> _YOUR GOAL_
Once the line with "LOUIS VUITTON NeoKavi" is found in the entries below, repeat it and each following line exactly, up to and including the line with "(#02) Canmake Secret". Add no other lines.

> _DATASET RECORDS_
■ ■ ■ ■ ■ ■ ■
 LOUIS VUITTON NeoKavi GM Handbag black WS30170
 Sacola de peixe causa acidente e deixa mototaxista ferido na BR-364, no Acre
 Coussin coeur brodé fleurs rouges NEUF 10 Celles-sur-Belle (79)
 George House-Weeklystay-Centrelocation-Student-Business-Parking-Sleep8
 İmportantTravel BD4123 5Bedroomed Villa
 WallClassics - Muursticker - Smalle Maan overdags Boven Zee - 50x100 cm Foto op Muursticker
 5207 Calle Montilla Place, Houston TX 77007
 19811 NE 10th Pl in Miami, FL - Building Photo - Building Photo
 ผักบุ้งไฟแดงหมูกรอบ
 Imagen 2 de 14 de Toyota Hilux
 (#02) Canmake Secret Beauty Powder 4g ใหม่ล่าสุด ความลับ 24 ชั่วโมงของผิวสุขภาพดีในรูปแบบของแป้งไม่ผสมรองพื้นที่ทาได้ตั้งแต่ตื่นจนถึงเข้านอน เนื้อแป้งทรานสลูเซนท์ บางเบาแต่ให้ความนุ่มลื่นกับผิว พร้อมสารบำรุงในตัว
■ ■ ■ ■ ■ ■ ■
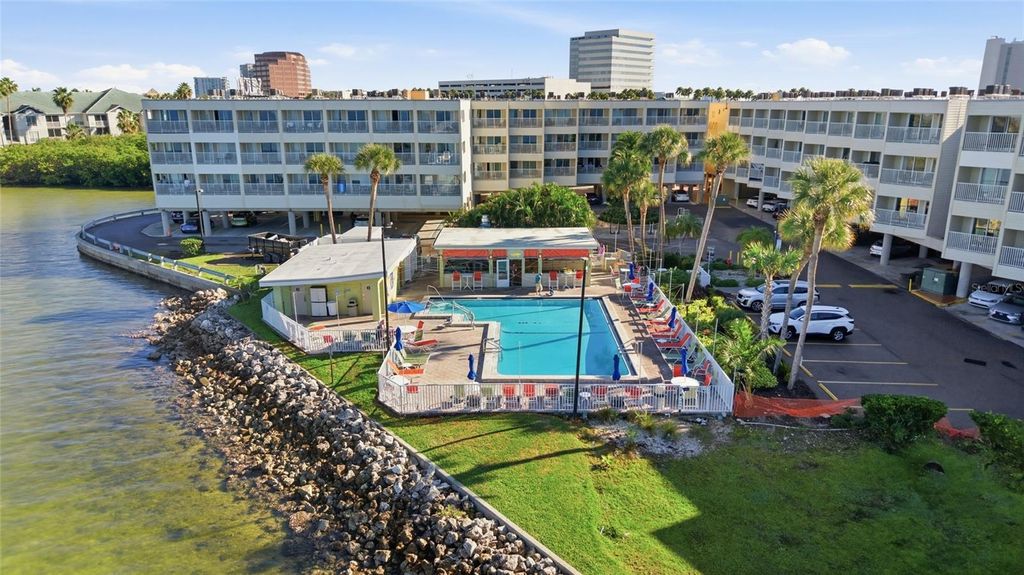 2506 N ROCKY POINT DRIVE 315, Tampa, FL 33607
■ ■ ■ ■ ■ ■ ■
> _SOLUTION FOR THIS TASK_
 LOUIS VUITTON NeoKavi GM Handbag black WS30170
 Sacola de peixe causa acidente e deixa mototaxista ferido na BR-364, no Acre
 Coussin coeur brodé fleurs rouges NEUF 10 Celles-sur-Belle (79)
 George House-Weeklystay-Centrelocation-Student-Business-Parking-Sleep8
 İmportantTravel BD4123 5Bedroomed Villa
 WallClassics - Muursticker - Smalle Maan overdags Boven Zee - 50x100 cm Foto op Muursticker
 5207 Calle Montilla Place, Houston TX 77007
 19811 NE 10th Pl in Miami, FL - Building Photo - Building Photo
 ผักบุ้งไฟแดงหมูกรอบ
 Imagen 2 de 14 de Toyota Hilux
 (#02) Canmake Secret Beauty Powder 4g ใหม่ล่าสุด ความลับ 24 ชั่วโมงของผิวสุขภาพดีในรูปแบบของแป้งไม่ผสมรองพื้นที่ทาได้ตั้งแต่ตื่นจนถึงเข้านอน เนื้อแป้งทรานสลูเซนท์ บางเบาแต่ให้ความนุ่มลื่นกับผิว พร้อมสารบำรุงในตัว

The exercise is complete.